Crack the Backend

Problem Statement

You are given an integer array nums. Initially you are at the first index. nums[i] represents the maximum jump length from index i (you can jump to any index from i to i + nums[i] inclusive). Return true if you can reach the last index, otherwise false.

You start at index 0 and can jump at most nums[i] steps from index i.
We only need to know reachability of the last index, not the minimum number of jumps.

Key Observations

We can greedily track the farthest index we can reach so far. If we are at step i and i is within the current farthest, we can reach i; then from i we can reach up to i + nums[i]. So we update farthest = max(farthest, i + nums[i]).
If at any step i we have i > farthest, it means we cannot reach i (and thus cannot reach the end), so return false.
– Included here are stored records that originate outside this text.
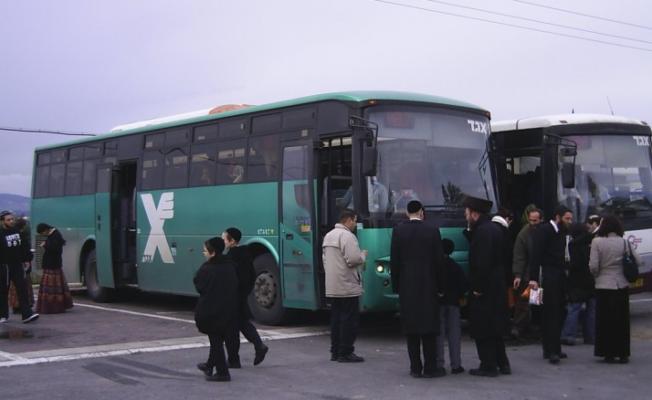 حافلات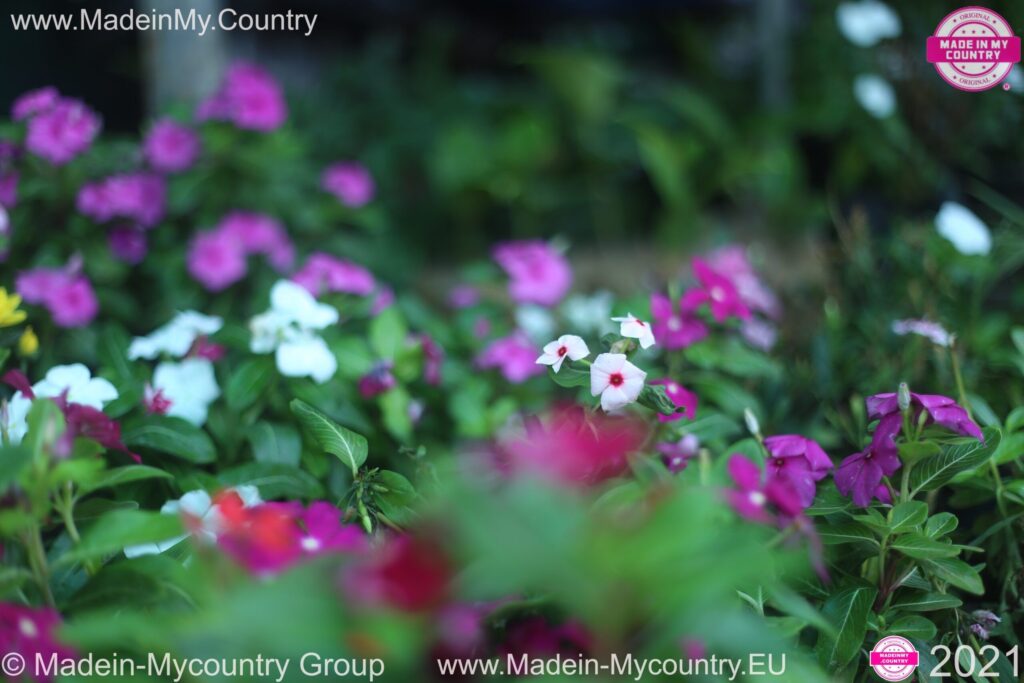MadeinMy.Country Spring time 2021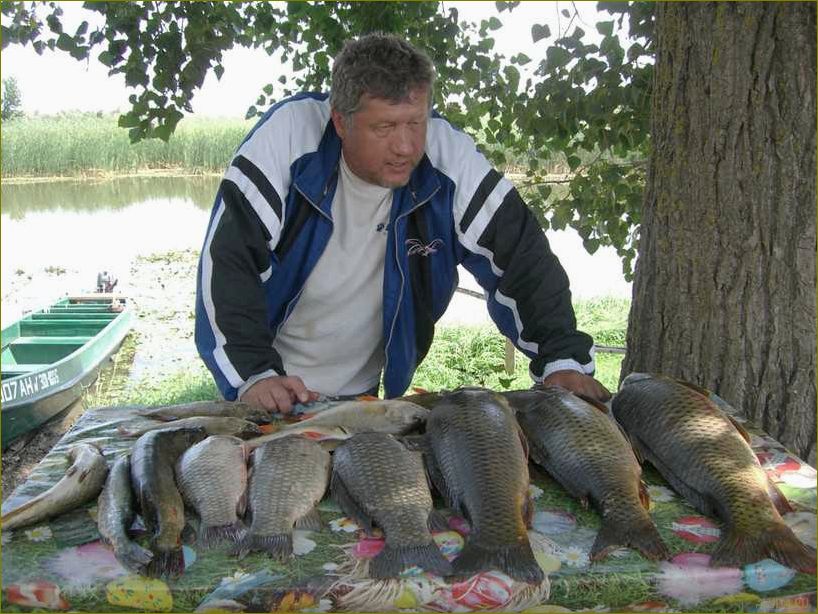 (база, отдыха, бакланенок, астраханской, области) База отдыха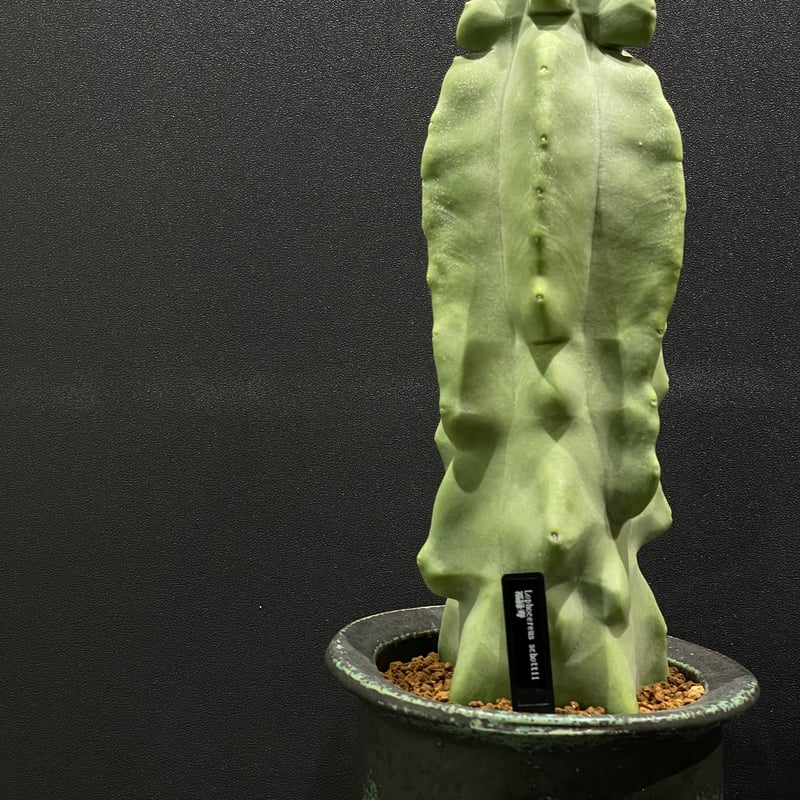 サボテン ロホセレウス 福緑寿 × 陶器鉢 | 最終的にサボテン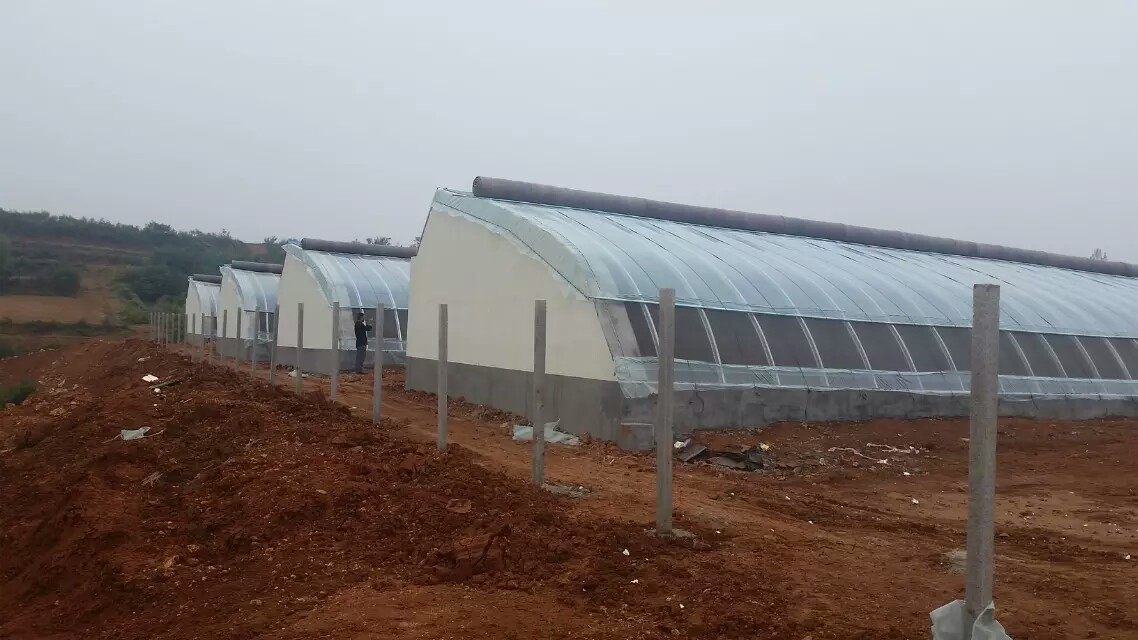 各种蔬菜大棚的种植时间和方法,蔬菜大棚种植技术主要注意哪些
If we ever have farthest >= n-1, we can reach the last index — return true.
One pass from left to right is enough.

Approach

High-level: Maintain farthest = the farthest index we can reach. For each i from 0 to n-1: if i > farthest we cannot proceed, return false; else update farthest = max(farthest, i + nums[i]). If farthest >= n-1, return true. After the loop, return true if we reached the end.

Steps:

farthest = 0. For i = 0..n-1: if i > farthest return false. farthest = max(farthest, i + nums[i]). If farthest >= n-1 return true.
Return true (we reached the last index).

Implementation

Java

public boolean canJump(int[] nums) {
    int far = 0;

    for (int i = 0; i < nums.length; i++) {
        if (i > far) {
            return false;
        }

        far = Math.max(far, i + nums[i]);
    }

    return true;
}

Test Cases

Example 1

Input

nums = [2,3,1,1,4]

Expected

true

Explanation

Jump 1, then 3.

Complexity Analysis

Time: typically O(n) or O(n log n).
Space: O(1) or O(n).

Follow-ups

Prove greedy choice property; handle ties.